I got the same impression, might be more similar to post Mono. I know a couple of people that took a year to recover from that without developing ME.

That's why we need good studies on LC so desperately.

If LC will be mostly self limiting drawing a premature connection to ME might harm us more than doing good.
 
All of the illnesses that can cause ME/CFS - EBV infection, Q-fever... have a long tail of people who have ME/CFS-like symptoms for months after the illness. Most get better, but most who reach the two year mark don't. At some point in that time, people who don't recover will probably get a label of CFS or ME/CFS.

There's an arbitrary drawing of the line as to when ME/CFS starts, and post-viral fatigue syndrome or post-infection fatigue syndrome stops. If we don't fold those with Long Covid who experience PEM into 'people with ME/CFS', then it's likely that they won't get the right sort of advice, and an opportunity to have society understand ME/CFS better will be lost.

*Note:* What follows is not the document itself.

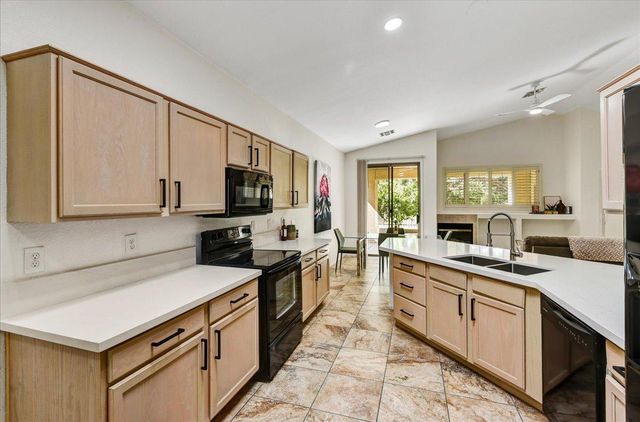 3247 E Maldonado Drive, Phoenix, AZ 85042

In my family, three of us became ill with ME/CFS at the same time. One of us got better over two years; two of us remain ill after 8 years. To me, 'post-viral fatigue illness with PEM' or 'Long Covid with PEM' at 3 months are the same as ME/CFS except they haven't reached the requirement for 6 months duration. There's just an arbitrary drawing of the line in terms of time.
 
I have not watched yet, but Solve ME have done a webinar on long CoVid, a 3 part series apparently. Below is part 2.

ETA - apparently it will cover comparisons to ME.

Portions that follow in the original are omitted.